We have obtained the time and space-resolved star formation history (SFH) of M51a (NGC 5194) by fitting GALEX, SDSS, and near infrared pixel-by-pixel photometry to a comprehensive library of stellar population synthesis models drawn from the Synthetic Spectral Atlas of Galaxies (SSAG). We fit for each space-resolved element (pixel) an independent model where the SFH is averaged in 137 age bins, each one 100 Myr wide. We used the Bayesian Successive Priors (BSP) algorithm to mitigate the bias in the present-day spatial mass distribution. We test BSP with different prior probability distribution functions (PDFs); this exercise suggests that the best prior PDF is the one concordant with the spatial distribution of the stellar mass as inferred from the near infrared images.
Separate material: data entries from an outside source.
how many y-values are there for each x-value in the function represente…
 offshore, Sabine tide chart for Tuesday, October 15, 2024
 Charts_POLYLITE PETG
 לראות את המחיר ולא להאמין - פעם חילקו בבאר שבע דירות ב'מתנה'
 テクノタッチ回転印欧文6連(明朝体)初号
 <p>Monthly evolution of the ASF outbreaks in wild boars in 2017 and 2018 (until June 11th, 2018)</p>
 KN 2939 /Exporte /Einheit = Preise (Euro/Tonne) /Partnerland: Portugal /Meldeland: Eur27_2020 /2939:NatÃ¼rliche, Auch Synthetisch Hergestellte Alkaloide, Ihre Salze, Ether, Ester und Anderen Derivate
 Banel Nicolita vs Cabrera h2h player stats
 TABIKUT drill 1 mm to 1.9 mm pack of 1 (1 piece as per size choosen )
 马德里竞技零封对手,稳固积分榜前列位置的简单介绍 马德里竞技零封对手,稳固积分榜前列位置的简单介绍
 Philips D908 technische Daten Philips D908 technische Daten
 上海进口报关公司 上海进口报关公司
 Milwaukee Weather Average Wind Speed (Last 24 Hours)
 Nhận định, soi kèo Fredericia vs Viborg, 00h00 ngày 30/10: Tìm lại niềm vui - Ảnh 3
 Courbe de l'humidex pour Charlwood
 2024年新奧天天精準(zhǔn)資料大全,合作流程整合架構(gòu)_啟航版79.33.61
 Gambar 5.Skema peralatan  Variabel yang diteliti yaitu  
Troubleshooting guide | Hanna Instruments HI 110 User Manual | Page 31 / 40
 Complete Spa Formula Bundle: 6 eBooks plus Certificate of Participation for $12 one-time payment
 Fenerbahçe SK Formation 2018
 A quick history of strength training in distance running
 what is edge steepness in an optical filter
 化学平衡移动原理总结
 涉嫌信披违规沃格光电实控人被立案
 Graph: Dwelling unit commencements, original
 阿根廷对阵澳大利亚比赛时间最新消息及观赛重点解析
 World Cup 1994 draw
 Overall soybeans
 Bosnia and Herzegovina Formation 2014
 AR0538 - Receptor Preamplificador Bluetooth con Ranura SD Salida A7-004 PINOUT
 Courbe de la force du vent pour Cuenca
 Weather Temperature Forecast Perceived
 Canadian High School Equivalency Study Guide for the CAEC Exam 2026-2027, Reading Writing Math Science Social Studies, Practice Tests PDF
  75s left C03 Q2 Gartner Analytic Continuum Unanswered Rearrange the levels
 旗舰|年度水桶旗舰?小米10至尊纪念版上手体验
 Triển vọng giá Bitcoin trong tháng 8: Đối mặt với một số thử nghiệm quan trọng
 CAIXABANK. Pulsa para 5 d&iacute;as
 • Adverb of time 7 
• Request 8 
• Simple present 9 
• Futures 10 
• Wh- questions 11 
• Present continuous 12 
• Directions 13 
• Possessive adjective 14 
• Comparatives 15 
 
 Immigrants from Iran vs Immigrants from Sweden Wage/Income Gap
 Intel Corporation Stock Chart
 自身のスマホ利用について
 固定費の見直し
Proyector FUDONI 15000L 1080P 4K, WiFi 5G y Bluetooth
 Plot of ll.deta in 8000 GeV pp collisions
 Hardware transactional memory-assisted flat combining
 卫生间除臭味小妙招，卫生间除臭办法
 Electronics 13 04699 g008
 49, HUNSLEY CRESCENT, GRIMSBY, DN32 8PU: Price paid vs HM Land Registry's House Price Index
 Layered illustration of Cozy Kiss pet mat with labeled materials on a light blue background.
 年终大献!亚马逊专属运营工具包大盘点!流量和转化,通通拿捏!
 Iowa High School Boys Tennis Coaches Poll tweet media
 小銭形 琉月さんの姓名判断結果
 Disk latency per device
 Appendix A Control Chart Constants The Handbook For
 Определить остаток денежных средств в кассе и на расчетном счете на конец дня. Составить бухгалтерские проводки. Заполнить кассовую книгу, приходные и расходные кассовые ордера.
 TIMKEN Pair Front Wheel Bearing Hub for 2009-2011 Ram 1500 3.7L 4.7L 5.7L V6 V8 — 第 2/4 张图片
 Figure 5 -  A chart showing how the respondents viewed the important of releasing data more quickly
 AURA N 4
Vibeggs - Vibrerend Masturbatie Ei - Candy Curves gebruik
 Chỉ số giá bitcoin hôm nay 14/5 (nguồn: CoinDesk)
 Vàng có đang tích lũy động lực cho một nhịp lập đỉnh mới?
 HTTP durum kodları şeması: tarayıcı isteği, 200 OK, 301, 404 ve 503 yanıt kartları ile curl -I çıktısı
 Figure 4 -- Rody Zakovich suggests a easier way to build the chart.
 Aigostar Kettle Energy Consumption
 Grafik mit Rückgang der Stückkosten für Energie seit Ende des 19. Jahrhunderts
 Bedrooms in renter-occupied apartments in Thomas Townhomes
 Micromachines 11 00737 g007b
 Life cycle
We also demonstrate that varying the implicit prior PDF of the SFH in SSAG does not affects the results. By summing the contributions to the global star formation rate of each pixel, at each age bin, we have assembled the resolved star formation history of the whole galaxy. According to these results, the star formation rate of M51a was exponentially increasing for the first 10 Gyr after the Big Bang, and then turned into an exponentially decreasing function until the present day. Superimposed, we find a main burst of star formation at t 11.9 Gyr after the Big Bang.